What unfolds in Steinberg’s book is a complex Shakespearian tale of two charismatic figures who were thrown together in the dark days of apartheid. The marriage between the world’s most famous political prisoner and the liberation movement’s first lady lasted thirty-four years, most of it conducted in parallel worlds. Within twenty months of their wedding in 1958, the couple had had two daughters, Nelson had been arrested for treason and gone underground, then been rearrested, tried and imprisoned for twenty-seven years. By the time he re-emerged in February 1990 the world — and Winnie — had changed.

Over those decades Winnie metamorphosed from “shy country girl,” as she described herself to me, to a political firebrand and international celebrity, to street criminal and enemy of her own people, to populist politician without portfolio. In fact, throughout all of this, those who knew her well thought she remained pretty much the same person. As the South African political commentator Allister Sparks said: “The essential qualities — her imperiousness, her willfulness, the combative and survivalist spirit — that helped her get through the hard years also brought about her downfall.”

As with all great tragic narratives, it is in Steinberg’s final chapters that we come fully to understand the scale of this story. Having been divorced and estranged from Winnie for fifteen years, and remarried to the saintly Graça Machel, Nelson, who was now suffering from dementia, called for Winnie on his deathbed. It was she who was at his side, comforting him in his last days.

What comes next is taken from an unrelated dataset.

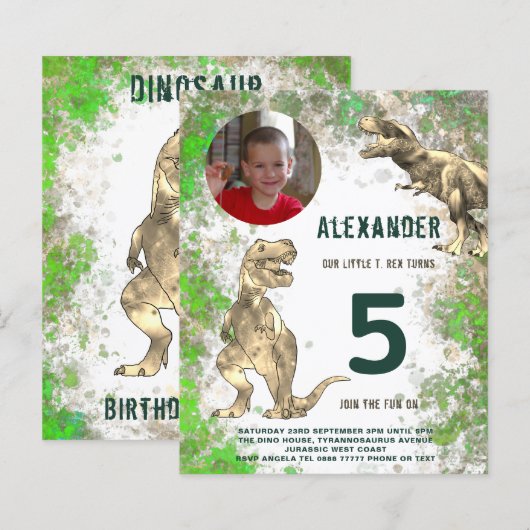 Dinosaurus Jongens Verjaardagsfeest Foto (Voorkant / Achterkant)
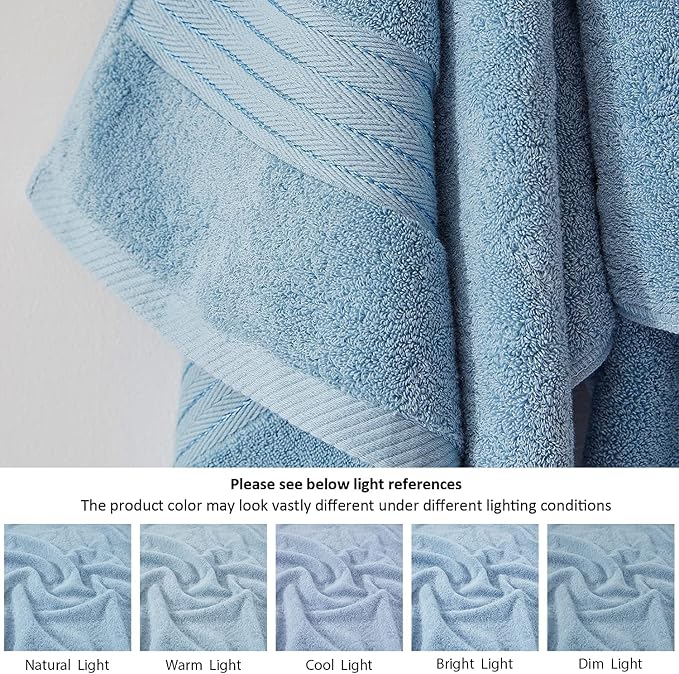 COZYART Light Blue Hand Towels for Bathroom 4 Pcs, 13x30 100% Cotton Guest Hands Towel Set Super Soft Absorbent Durable 650 GSM for Daily Use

Five years later Winnie died, and her funeral, at Orlando Stadium, just a mile from the couple’s former marital home, became an ideological battleground, where Winnie was generally revered as an unbending revolutionary force and Nelson dismissed as “an old gentleman from the past.”

Suddenly, the man who had been largely credited with the peaceful transition from the old to the new South Africa was regarded as a collaborator, an Uncle Tom. Steinberg writes:  

Most profoundly, when young people looked for a usable past, they increasingly turned their gaze from Nelson, searching for figures who had been suppressed, figures like Steve Biko, Robert Sobukwe and, indeed, Winnie Madikizela-Mandela.